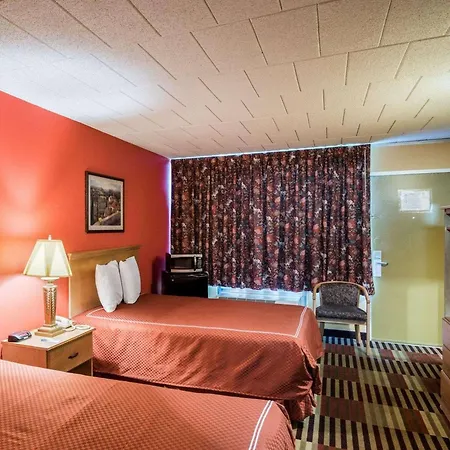 Rodeway Inn University-2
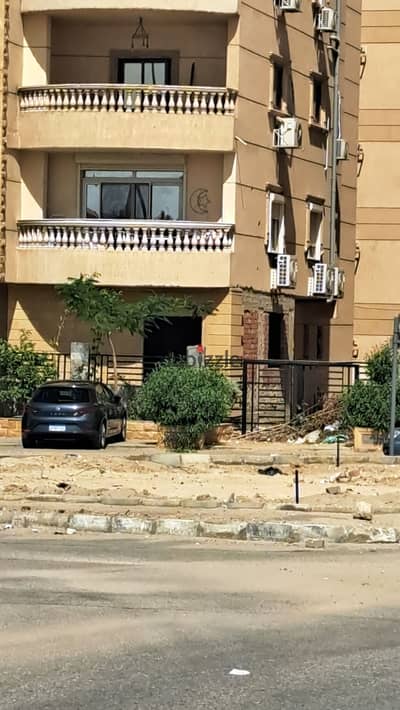 اول نمرة علي شارع التسعين الشمالي اللوتس الجنوبية امام اضخم مول في المنطقة امام كومبوند فيلات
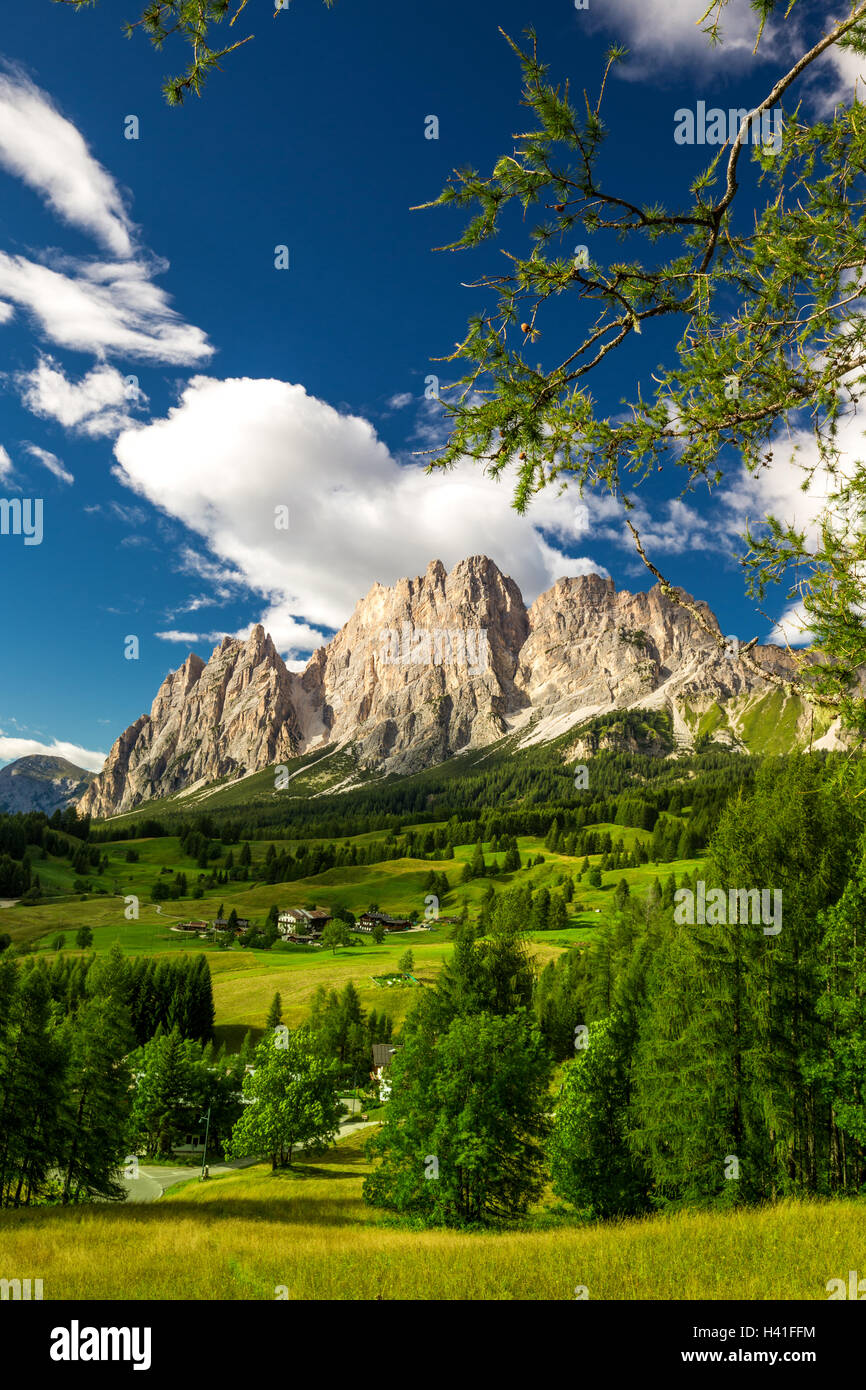 Magnifica vallata con cristallo gruppo di montagna vicino a Cortina d'Ampezzo, Dolomiti, Italia Europa Foto Stock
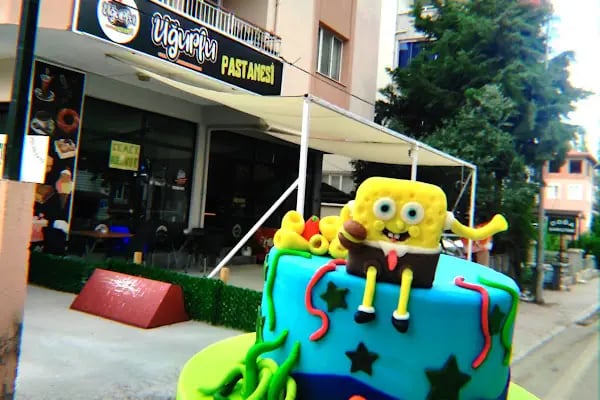 Uğurlu Pastanesi - Resim 3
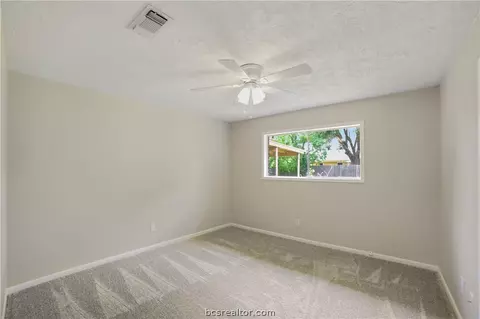 3504 Oakside Dr, Bryan, TX 77802 photo 8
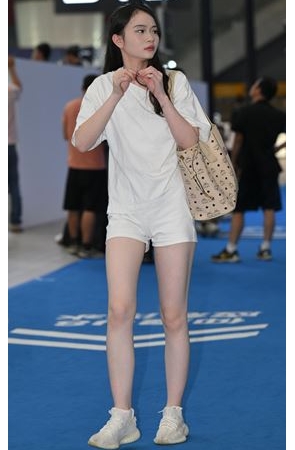 美腿小姐姐(42P)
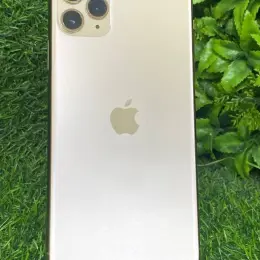 Apple iPhone 11 Pro Max 64GB золотой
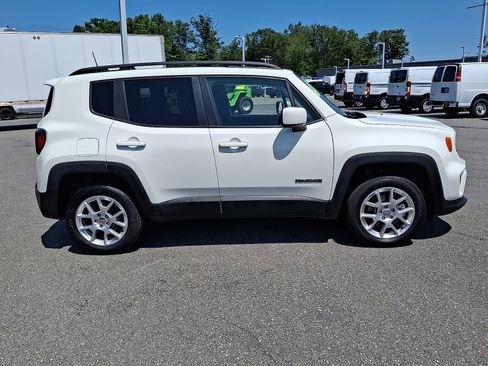 Used 2021 Jeep Renegade Latitude w/ Sun & Sound Group AWD/4WD image 7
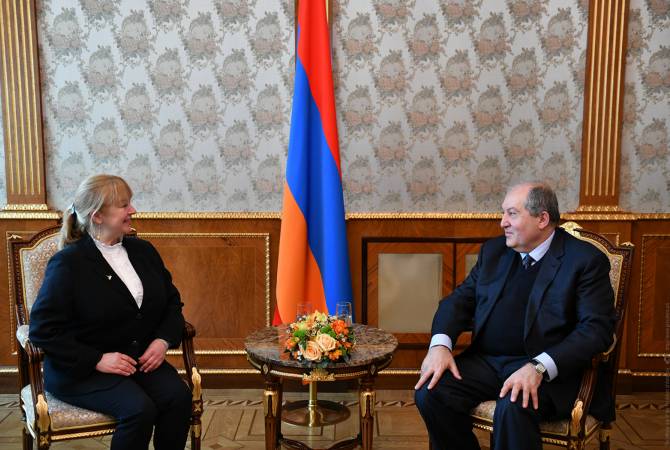 President Sarkissian hosts Dean of Faculty of Journalism at Moscow State University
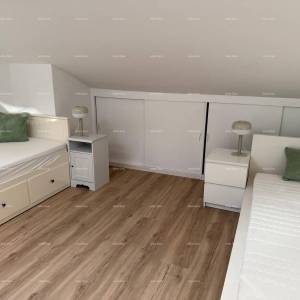 Dvosoban stan s pogledom odmah do mora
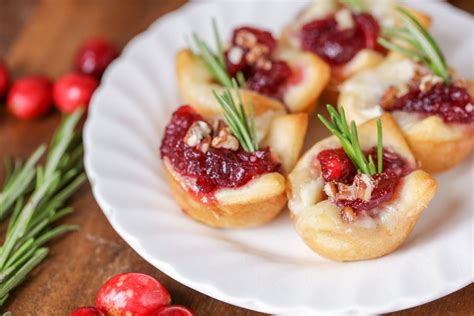Cranberry Brie Bites {Perfect For Holiday Gatherings!} | Lil' Luna
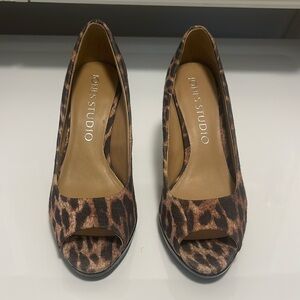 Jones Studio peep toe pump cheetah print heels. Size 6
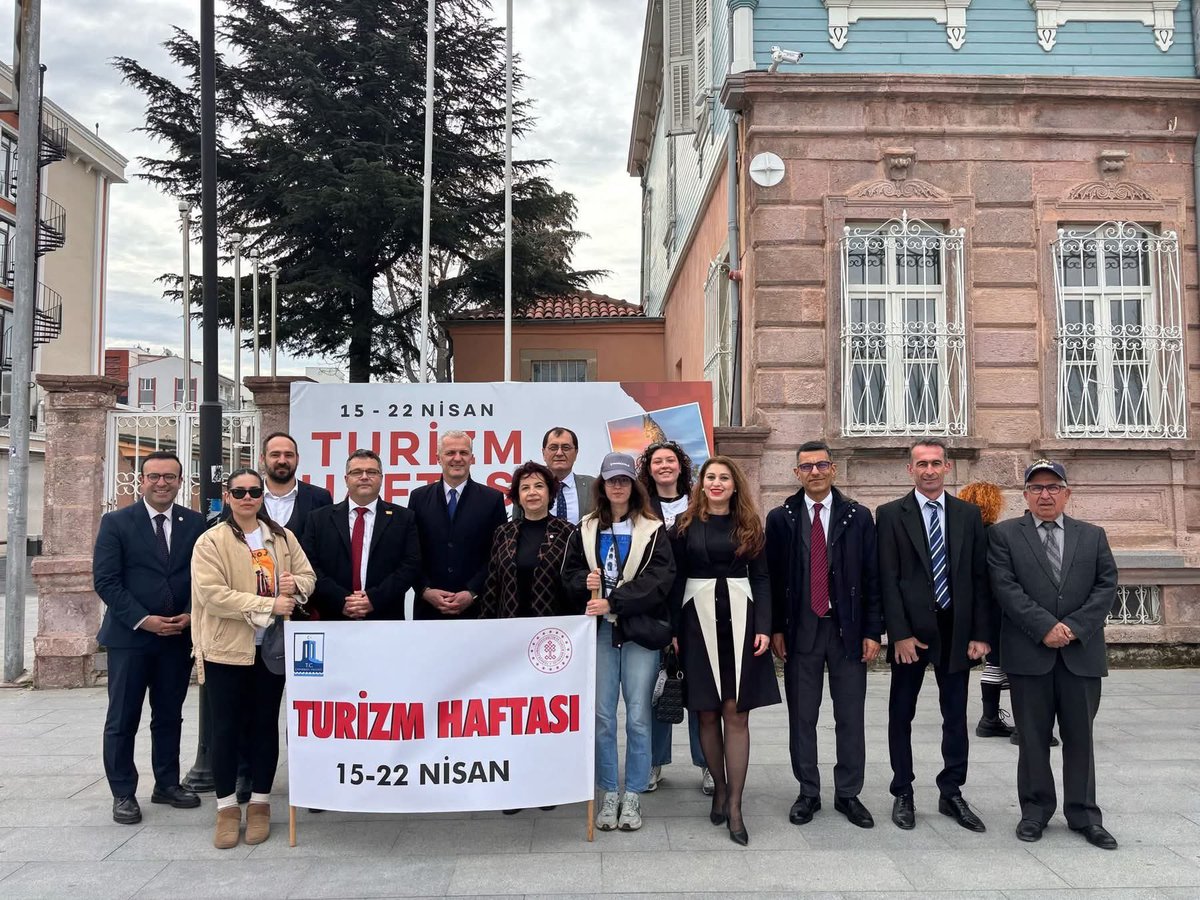 CanakkaleTB's tweet photo. ÇANAKKALE TİCARET BORSASI 49. TURİZM HAFTASI ÇELENK SUNMA TÖRENİNE KATILDI. 

 https://t.co/GP1PvcqYZM https://t.co/PHCeLMJyL5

## DIRECTIONS
Leave the pictures out and copy exactly the lines from the one that holds "Dvosoban stan s pogledom odmah do mora" through the last line of the material.

## RESULT FOR THIS EXERCISE
 Dvosoban stan s pogledom odmah do mora
Cranberry Brie Bites {Perfect For Holiday Gatherings!} | Lil' Luna
 Jones Studio peep toe pump cheetah print heels. Size 6
 CanakkaleTB's tweet photo. ÇANAKKALE TİCARET BORSASI 49. TURİZM HAFTASI ÇELENK SUNMA TÖRENİNE KATILDI. 

 https://t.co/GP1PvcqYZM https://t.co/PHCeLMJyL5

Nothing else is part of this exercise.